WOODSTOCK – The historic Old Courthouse and Sheriff’s House are the “literal front door to the community of Woodstock,” Ray Hartshorne said.
Hartshorne was panel chairman on the Urban Land Institute of Chicago’s technical assistance panel, which suggested steps for the city to take with the Old Courthouse and Sheriff’s House that include stabilizing the properties, forming an advisory committee and transitioning ownership to a nonprofit organization.
The Urban Land Institute is a nonprofit that uses a panel of experts from the real estate development field to examine and find solutions to complex land use challenges.
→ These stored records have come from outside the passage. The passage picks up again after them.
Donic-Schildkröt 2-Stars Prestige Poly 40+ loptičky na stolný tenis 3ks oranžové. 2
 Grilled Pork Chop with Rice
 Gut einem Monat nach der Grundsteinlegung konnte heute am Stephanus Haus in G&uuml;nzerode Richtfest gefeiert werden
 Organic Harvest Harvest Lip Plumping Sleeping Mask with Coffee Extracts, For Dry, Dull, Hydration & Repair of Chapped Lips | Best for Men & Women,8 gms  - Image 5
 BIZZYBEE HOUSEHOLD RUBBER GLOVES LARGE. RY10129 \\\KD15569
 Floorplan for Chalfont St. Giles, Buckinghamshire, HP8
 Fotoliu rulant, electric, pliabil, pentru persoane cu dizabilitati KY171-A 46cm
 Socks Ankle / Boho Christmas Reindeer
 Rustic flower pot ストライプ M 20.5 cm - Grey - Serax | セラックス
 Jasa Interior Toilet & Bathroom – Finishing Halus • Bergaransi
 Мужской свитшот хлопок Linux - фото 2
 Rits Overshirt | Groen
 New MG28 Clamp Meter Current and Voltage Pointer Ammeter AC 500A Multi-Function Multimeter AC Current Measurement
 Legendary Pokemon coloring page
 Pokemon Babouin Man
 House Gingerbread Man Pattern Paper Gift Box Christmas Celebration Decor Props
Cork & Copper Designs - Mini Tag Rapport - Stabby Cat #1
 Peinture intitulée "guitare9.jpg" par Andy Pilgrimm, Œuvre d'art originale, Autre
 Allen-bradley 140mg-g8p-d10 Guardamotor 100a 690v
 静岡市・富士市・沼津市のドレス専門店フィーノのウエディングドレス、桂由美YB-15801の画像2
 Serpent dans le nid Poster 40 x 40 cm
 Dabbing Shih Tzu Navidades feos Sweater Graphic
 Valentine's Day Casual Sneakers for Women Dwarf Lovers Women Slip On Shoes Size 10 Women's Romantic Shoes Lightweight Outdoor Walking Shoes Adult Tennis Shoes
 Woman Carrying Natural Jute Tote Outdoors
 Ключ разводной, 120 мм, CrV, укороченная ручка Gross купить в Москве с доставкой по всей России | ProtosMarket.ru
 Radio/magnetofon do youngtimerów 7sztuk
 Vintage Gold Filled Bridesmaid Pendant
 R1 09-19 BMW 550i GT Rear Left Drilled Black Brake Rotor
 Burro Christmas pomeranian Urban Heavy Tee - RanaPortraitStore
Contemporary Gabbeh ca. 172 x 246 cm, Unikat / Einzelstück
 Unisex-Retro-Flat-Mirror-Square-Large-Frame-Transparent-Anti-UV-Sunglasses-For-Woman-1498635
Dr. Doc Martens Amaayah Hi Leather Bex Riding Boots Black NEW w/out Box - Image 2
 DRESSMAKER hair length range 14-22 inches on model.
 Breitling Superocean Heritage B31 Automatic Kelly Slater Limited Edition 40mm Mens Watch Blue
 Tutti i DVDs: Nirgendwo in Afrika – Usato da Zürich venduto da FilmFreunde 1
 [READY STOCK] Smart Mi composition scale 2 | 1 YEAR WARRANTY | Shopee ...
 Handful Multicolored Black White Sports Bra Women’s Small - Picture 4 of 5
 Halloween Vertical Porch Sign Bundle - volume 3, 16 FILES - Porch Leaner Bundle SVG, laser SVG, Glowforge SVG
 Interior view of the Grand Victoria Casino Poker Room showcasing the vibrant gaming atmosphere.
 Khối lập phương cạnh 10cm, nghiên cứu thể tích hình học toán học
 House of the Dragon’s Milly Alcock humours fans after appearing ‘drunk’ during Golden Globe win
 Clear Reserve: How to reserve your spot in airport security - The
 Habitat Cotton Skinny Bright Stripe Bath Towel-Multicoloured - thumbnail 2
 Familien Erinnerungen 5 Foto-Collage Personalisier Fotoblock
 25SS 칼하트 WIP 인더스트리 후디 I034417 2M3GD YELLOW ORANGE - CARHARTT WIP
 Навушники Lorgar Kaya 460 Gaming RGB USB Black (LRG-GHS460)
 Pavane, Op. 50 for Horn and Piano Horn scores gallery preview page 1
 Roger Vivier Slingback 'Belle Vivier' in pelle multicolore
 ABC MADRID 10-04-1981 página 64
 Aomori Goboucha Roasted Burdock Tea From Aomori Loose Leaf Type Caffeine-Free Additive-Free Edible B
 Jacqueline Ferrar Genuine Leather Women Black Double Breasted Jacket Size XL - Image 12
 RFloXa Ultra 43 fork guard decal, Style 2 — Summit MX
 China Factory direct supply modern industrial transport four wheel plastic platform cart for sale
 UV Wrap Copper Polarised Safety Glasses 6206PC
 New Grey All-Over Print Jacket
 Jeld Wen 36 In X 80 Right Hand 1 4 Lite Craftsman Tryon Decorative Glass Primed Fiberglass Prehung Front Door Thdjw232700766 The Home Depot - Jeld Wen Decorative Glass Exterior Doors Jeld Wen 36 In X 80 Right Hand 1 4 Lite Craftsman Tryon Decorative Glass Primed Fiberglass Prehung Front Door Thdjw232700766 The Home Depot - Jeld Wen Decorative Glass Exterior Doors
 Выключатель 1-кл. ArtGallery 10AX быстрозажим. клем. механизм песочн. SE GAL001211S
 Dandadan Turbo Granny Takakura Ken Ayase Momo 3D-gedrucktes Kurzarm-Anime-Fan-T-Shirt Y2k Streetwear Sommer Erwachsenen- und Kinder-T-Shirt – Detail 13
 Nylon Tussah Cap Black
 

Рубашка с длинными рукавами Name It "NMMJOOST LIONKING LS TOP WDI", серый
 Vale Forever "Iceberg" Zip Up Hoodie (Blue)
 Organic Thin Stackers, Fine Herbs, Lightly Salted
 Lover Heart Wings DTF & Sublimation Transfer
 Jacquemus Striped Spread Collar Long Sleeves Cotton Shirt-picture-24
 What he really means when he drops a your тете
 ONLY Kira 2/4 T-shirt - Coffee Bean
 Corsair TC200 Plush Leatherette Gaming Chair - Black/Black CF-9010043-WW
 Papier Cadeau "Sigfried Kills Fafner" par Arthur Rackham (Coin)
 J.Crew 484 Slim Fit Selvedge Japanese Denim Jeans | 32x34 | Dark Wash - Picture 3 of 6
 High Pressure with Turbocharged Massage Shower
They published their final panel report on the city-owned Old Courthouse and Sheriff’s House this week.
“They look at it from a practicality and feasibility standpoint with expertise that we just don’t have,” City Planner Nancy Baker said, “and so of them to be able to give us their response based on their background is just really invaluable.”
Damaged windows, a failing ceiling and inadequate HVAC systems were listed in the report as some of the “immediate challenges” to be addressed.
Work on the roof and dome of the Old Courthouse was completed in January.
The report estimated the cost to be about $1 million to address the critical needs of the buildings and stabilize them.
A complete renovation of the buildings could cost more than $5 million, according to the report.
Baker said the estimated cost for stabilization is about what she expected, and the final renovation budget could change depending on how the space will be used.
The report suggested the city use funds from the downtown tax increment financing district to fund the repairs, along with other available funds.
Baker said the TIF district is a likelihood for funding, and other funding sources have not been identified yet.
The institute came to Woodstock after the city received a $20,000 grant from McHenry County Community Foundation, and spent two days in Woodstock in March interviewing community leaders and gathering information on the properties.
A panel from the institute then presented their ideas in April, which included making the Old Courthouse home to a higher education institution and the Sheriff’s House a restaurant.
The report provided a potential floor plan for an educational institution in the buildings, which included rooms for institutional uses, event space and a restaurant.
City Manager Roscoe Stelford said the city council will go over the suggested steps and see how they want to progress at the Aug. 4 city council meeting.
The final report can be found on the city’s website.